◆ **Work instruction**:
Which lines run from the one containing "Yiseth 02 online show from 02/01/25, 03:41" to the end of the entries below? Reproduce them exactly, both ends included.

◆ **The records**:

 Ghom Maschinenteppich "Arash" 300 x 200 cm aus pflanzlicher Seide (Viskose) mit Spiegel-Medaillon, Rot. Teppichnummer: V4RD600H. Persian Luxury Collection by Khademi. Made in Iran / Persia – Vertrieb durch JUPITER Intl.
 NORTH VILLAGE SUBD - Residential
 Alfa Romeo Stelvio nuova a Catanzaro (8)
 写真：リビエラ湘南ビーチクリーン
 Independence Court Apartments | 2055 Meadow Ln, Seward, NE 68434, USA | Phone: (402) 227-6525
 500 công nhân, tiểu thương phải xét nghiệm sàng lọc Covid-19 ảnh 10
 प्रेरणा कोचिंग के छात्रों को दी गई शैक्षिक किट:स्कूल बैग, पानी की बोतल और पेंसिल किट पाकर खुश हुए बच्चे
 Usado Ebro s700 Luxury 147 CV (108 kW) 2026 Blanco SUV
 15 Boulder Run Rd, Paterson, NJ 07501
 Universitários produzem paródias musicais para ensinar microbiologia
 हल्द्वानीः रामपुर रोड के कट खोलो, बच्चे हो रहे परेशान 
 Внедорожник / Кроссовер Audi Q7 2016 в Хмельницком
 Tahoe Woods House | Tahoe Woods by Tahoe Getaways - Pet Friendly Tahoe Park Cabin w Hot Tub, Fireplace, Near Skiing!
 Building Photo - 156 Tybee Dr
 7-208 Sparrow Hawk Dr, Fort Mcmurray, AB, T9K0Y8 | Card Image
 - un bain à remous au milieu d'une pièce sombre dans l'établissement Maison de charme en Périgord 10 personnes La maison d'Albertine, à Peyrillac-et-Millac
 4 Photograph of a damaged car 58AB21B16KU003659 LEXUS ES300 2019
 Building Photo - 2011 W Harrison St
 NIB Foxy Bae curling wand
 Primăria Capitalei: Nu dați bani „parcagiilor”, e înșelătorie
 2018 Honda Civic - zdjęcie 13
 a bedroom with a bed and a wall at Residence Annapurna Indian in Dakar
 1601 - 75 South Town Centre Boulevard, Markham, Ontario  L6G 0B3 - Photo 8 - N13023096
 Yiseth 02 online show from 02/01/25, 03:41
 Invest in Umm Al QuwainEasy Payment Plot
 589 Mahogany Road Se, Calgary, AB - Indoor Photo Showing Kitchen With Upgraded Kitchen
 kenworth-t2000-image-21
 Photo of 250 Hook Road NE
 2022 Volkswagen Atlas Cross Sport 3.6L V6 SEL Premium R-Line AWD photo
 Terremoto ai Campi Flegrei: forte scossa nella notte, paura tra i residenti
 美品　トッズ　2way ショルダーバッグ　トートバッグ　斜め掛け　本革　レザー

◆ **Answer to the problem**:
 Yiseth 02 online show from 02/01/25, 03:41
 Invest in Umm Al QuwainEasy Payment Plot
 589 Mahogany Road Se, Calgary, AB - Indoor Photo Showing Kitchen With Upgraded Kitchen
 kenworth-t2000-image-21
 Photo of 250 Hook Road NE
 2022 Volkswagen Atlas Cross Sport 3.6L V6 SEL Premium R-Line AWD photo
 Terremoto ai Campi Flegrei: forte scossa nella notte, paura tra i residenti
 美品　トッズ　2way ショルダーバッグ　トートバッグ　斜め掛け　本革　レザー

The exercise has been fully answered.